▶ Available data:
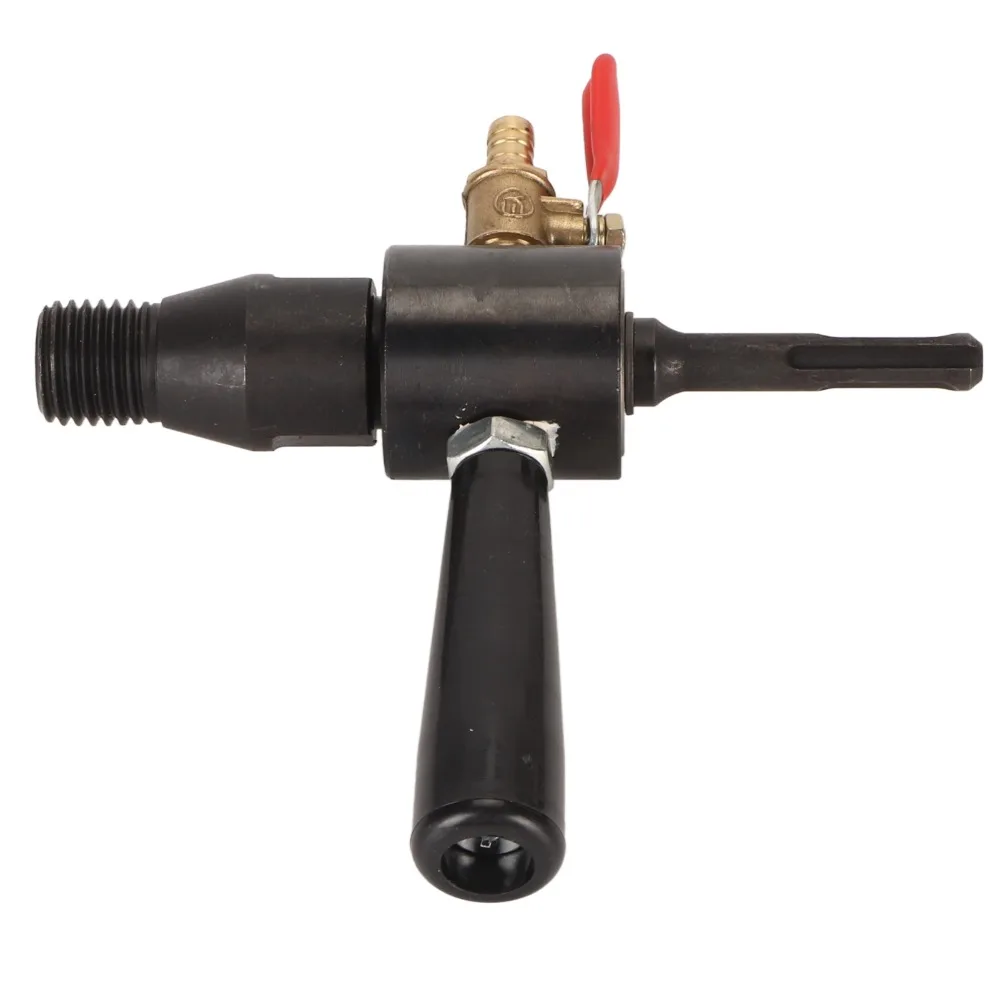 Round Handle Water Injection Converter Water Injection Design Connecting Rod Structure Drill Water Adding Device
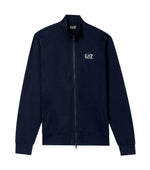 Navy Blue Logo Sweatshirt 1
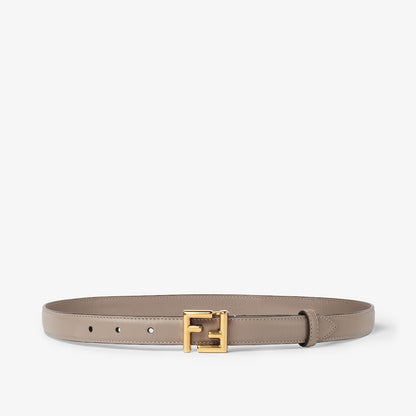 Damen Ledergürtel in Beige
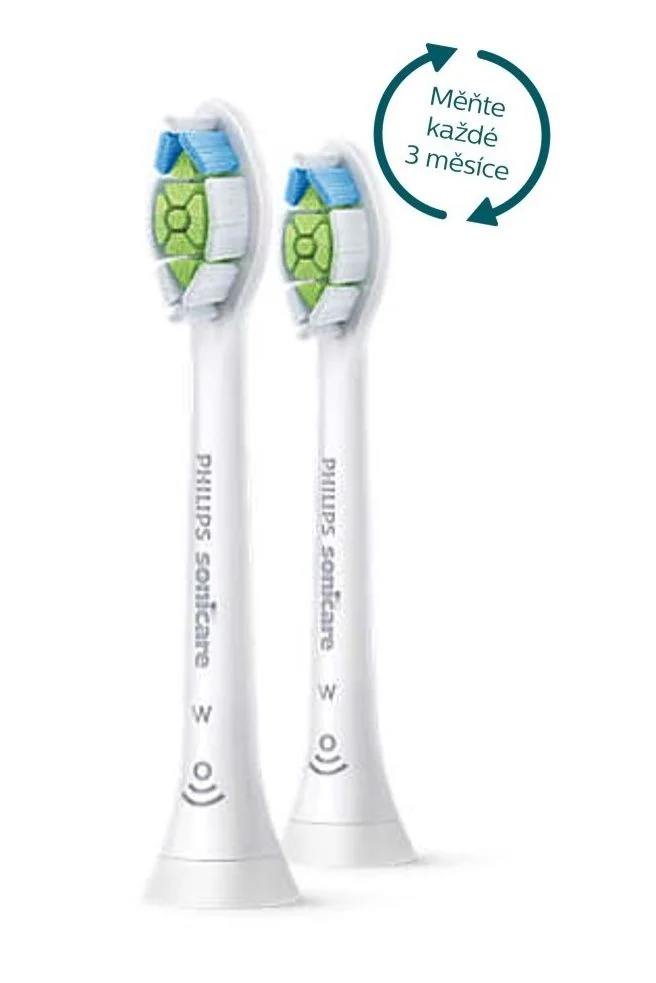 Philips Sonicare Optimal White Standard HX6062/10 náhradní hlavice 2 ks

▶ Work item: Would you set down every line of the data above exactly, skipping the pictures?

▶ Response area:
 Round Handle Water Injection Converter Water Injection Design Connecting Rod Structure Drill Water Adding Device
 Navy Blue Logo Sweatshirt 1
 Damen Ledergürtel in Beige
 Philips Sonicare Optimal White Standard HX6062/10 náhradní hlavice 2 ks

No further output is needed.